It seems someone messed up the test code: the defintion of x for the first test is now in the comment line and its impossible now to solve the problem (except cheating...)
I think there is something wrong with the test.
% x is an Mx2 vector, and y is a row of M-1 numbers.
% Tracers linearly interpolates y(1) points between x(1,:) and x(2,:),
% followed by y(2) points between x(2,:) and x(3,:), and so on...
% The resultant output is a two column vector with consecutive
% duplicate points are removed.
This is showing some strange behavior. If you use the second solution for y, the hard coded answer, it fails the first test case and also shows differing input values for the original x and y. However, if you use the first solution for y (taken from Alfonso's solution), then the correct input values for x and y are shown. I don't understand how the input values for the test suite do not match (you can see the values displayed in the answer.
Just noticed the issues that some people were having with this problem. I added a "%%" at the start of the test suite, which has helped in the past. Rescoring the two solutions that you have commented on fixed your problems. Your hard coded answer now works, and all three of the test cases show up in your test suite.
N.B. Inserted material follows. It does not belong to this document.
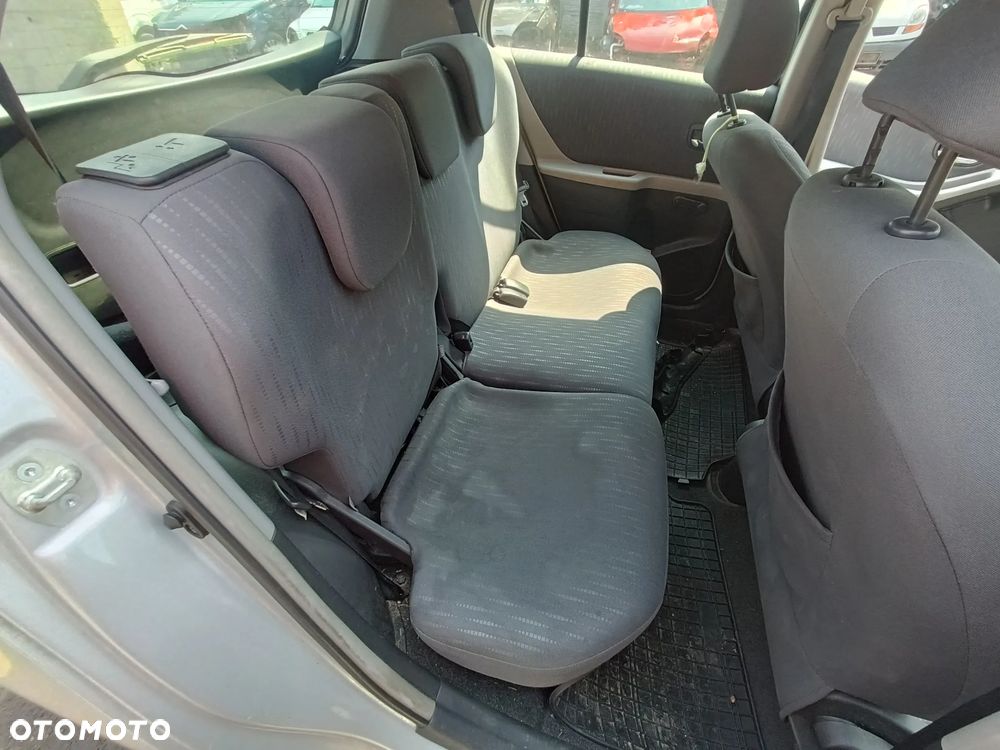 TOYOTA YARIS II 05-11 LIFT 2009 r. 5D HB fotel kierowcy i pasażera + kanapa tylna * - 6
Hello, James. Any chance you could check the somewhat similar Cody bug I seem to encounter with Problem 753? I am puzzled as to why it only affects some Players. Thanks, DIV.
Thanks for the suggestion, James. I didn't get a response from them, but the fatal bug in the Test Suite of Problem 753 has somehow morphed into a non-fatal bug anyway. —DIV
...Or not. Anyway, I think I've figured out the way Test Suites are parsed in Cody: "%%" defines the start of a new test case, and omission of "%%" for the first lines of code means they become _shared variables_! Sorry for going off-topic (w.r.t. piecewise linear interpolation), but I couldn't see this documented anywhere. It is actually quite handy, as per the Test Suite in Problem 44655. —DIV
Too bad the test cases don't work anymore :(
I get the same input for x and y each time
x = 1 1 3 0 1 1
y = 5 3
This solution shows a little bit different approach to the problem. It leads to nice, short code.
There are some rounding issues with the test suite. assert(isequal(a,b)) where a and b are doubles can be problematic. I would suggest using assert(all(all(abs(a-b)<1e-10))) or something similar instead
I picked out the numbers in the test cases to hopefully avoid doing that. Looks like your solution (which is quite impressive, btw) runs into the issues I was hoping to avoid.
I'll change the assert condition in a bit.